Il y a quelques mois, Camille est venue me voir parce qu'elle n'arrivait plus à porter les vêtements qui se trouvaient dans sa garde-robe, suite à une prise de poids récente, et qui allait durer compte tenu que Camille venait d'arrêter de fumer et qu'elle était bien décidée à ne plus recommencer. J'étais là face à un grand classique : être obligé.e de changer de garde-robe, renoncer à porter des vêtements dans lesquels on a investi et que l'on aime, à cause d'une nouvelle silhouette. Et je constaste, à chaque fois, que cela est vécu avec beaucoup d'inconfort. C'est normal puisque plusieurs pressions s'exercent alors sur la personne : l'inconfort physique (les mouvements du corps ne se font plus de la même façon, quand ce ne sont pas d'autres désagréments qui s'ajoutent), le regard des « autres »—la plupart du temps ressenti comme jugeant et dévalorisant—, et, plus dérangeant encore : le regard sur soi-même – cette sensation de décalage, de non coïncidence, d'étrangeté à soi-même. Ne plus se reconnaître dans le miroir, quoi de plus déstabilisant ?
Comme quoi, il ne s'agit pas que d'apparence mais de quelque chose de réellement profond : l'identité, qui se manifeste en premier lieu par notre personne physique, cette entité matérielle qu'est notre corps.

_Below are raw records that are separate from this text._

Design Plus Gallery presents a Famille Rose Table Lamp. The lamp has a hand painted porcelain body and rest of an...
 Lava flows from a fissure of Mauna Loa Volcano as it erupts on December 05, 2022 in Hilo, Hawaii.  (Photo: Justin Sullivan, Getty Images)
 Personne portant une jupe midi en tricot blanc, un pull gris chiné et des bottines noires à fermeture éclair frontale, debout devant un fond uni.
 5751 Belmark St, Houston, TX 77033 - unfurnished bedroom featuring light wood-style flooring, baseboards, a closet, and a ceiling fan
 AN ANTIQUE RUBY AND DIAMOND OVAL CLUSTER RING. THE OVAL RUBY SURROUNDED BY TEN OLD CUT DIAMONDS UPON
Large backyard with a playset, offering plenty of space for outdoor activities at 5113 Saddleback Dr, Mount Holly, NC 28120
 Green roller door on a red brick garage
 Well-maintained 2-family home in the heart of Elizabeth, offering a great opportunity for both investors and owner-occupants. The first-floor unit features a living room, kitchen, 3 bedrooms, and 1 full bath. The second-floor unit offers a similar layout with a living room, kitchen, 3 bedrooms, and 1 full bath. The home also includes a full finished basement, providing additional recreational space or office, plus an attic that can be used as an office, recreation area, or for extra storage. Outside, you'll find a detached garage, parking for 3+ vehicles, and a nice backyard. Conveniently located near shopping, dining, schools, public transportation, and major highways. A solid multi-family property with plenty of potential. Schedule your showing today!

Alors, comment accompagner une personne afin qu'elle se sente mieux avec son « nouveau » corps ? Pour commencer, j'ai félicité Camille pour sa démarche : arrêter de fumer et donc préserver sa santé — le meilleur des choix — et s'engager dans un travail sur son image, donc sur elle, tout court. C'est vraiment courageux de renoncer à des béquilles—pas toujours bénéfiques—pour avancer sur son chemin. Et cela mérite gratification.
Tout au long du parcours que je propose, Camille et moi avons cheminé à travers ses couleurs, les matières et les coupes dans lesquelles elle se sent à l'aise et qui la mettent en valeur — quelle que soit sa silhouette — et son style. Et ce que nous avons trouvé ensemble, au-delà d'une image agréable et confortable, c'est le vrai corps de Camille.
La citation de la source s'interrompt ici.